--- START ---

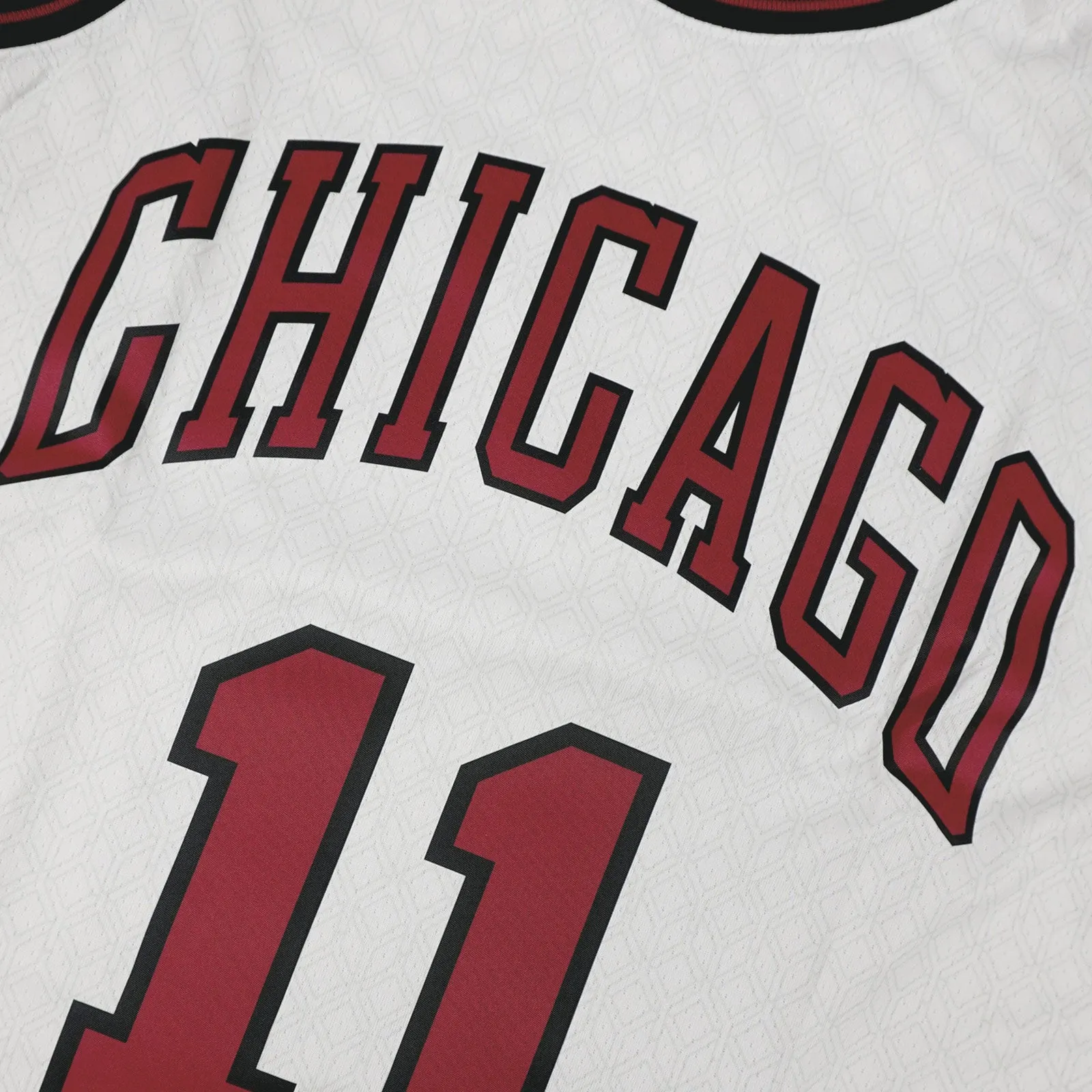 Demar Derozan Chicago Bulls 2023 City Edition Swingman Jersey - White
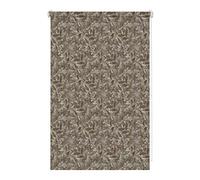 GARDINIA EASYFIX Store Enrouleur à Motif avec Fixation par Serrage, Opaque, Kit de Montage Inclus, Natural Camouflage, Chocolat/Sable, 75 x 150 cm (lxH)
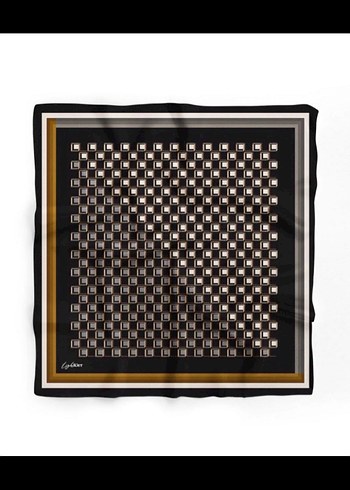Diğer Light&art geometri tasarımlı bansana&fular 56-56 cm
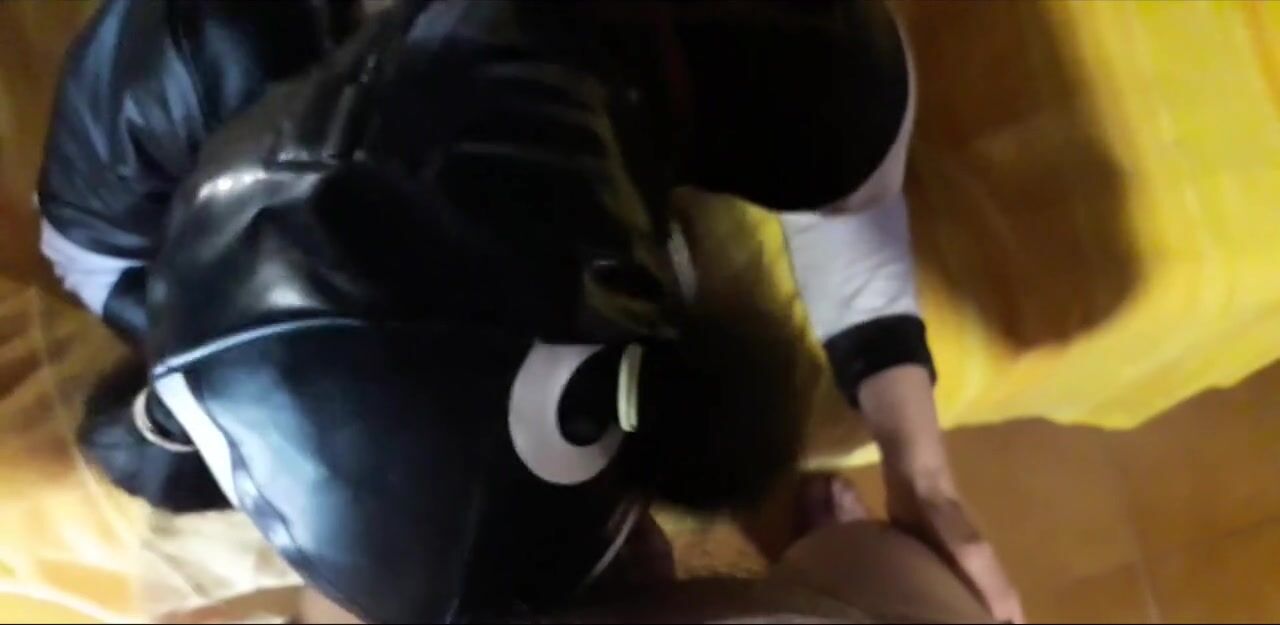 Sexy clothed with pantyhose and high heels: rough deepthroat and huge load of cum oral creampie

--- END ---
--- START ---

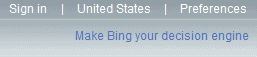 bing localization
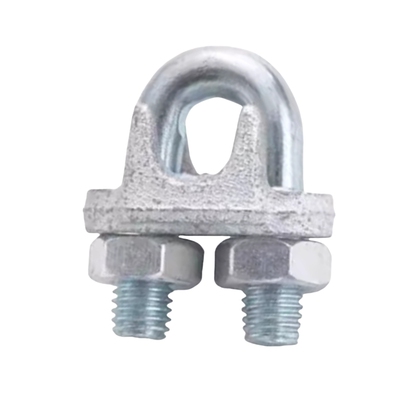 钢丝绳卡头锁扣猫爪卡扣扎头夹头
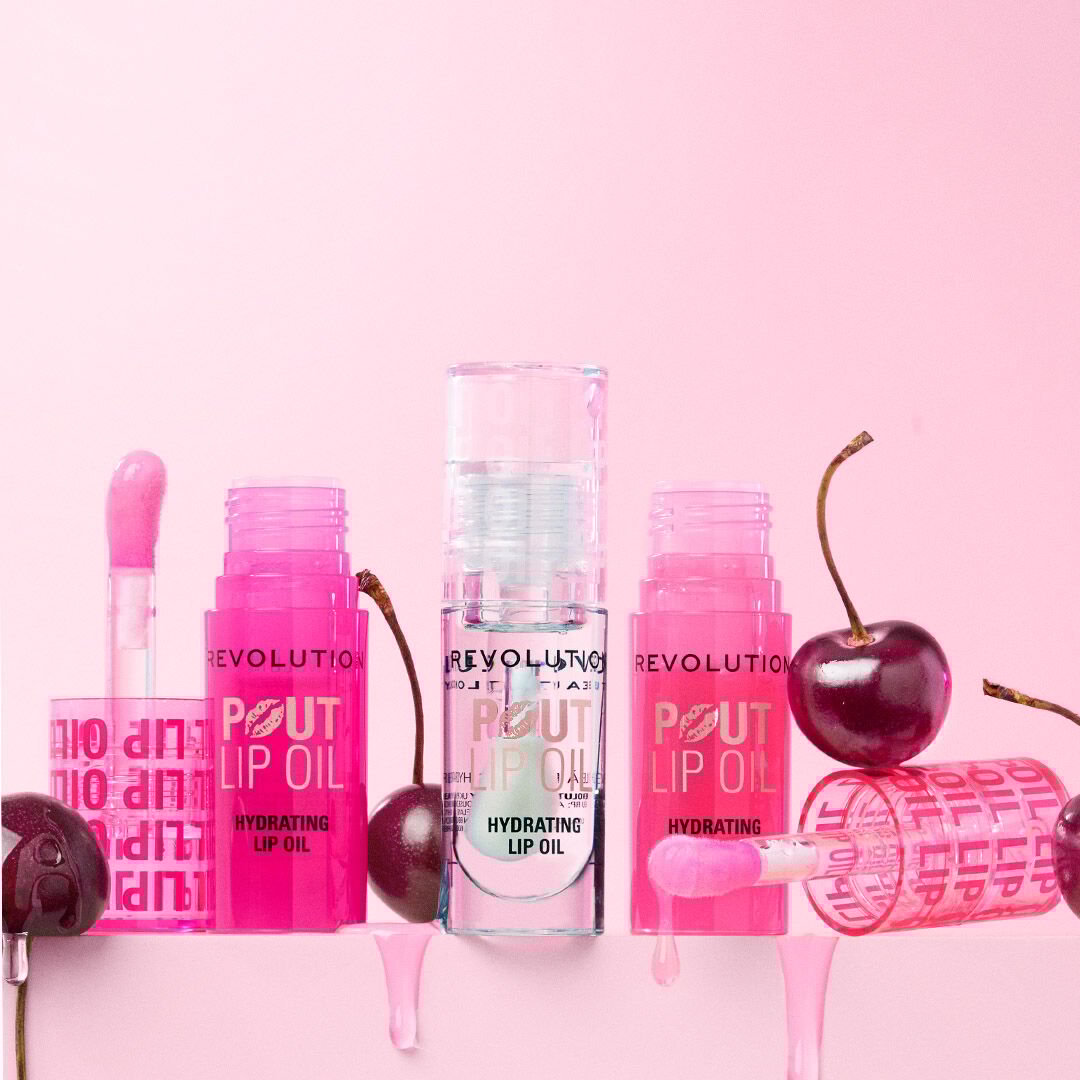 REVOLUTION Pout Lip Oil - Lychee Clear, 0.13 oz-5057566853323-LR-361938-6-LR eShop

--- END ---
--- START ---

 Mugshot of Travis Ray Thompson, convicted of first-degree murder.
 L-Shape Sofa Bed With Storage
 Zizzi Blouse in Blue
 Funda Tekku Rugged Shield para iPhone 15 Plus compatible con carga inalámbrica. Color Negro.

--- END ---

#### [WORK ITEM]
Working from the material above, restate word for word the lines between the line with "Mugshot of Travis" and the line with "Funda Tekku Rugged", both included, and only those.

#### [RESPONSE BELOW]
 Mugshot of Travis Ray Thompson, convicted of first-degree murder.
 L-Shape Sofa Bed With Storage
 Zizzi Blouse in Blue
 Funda Tekku Rugged Shield para iPhone 15 Plus compatible con carga inalámbrica. Color Negro.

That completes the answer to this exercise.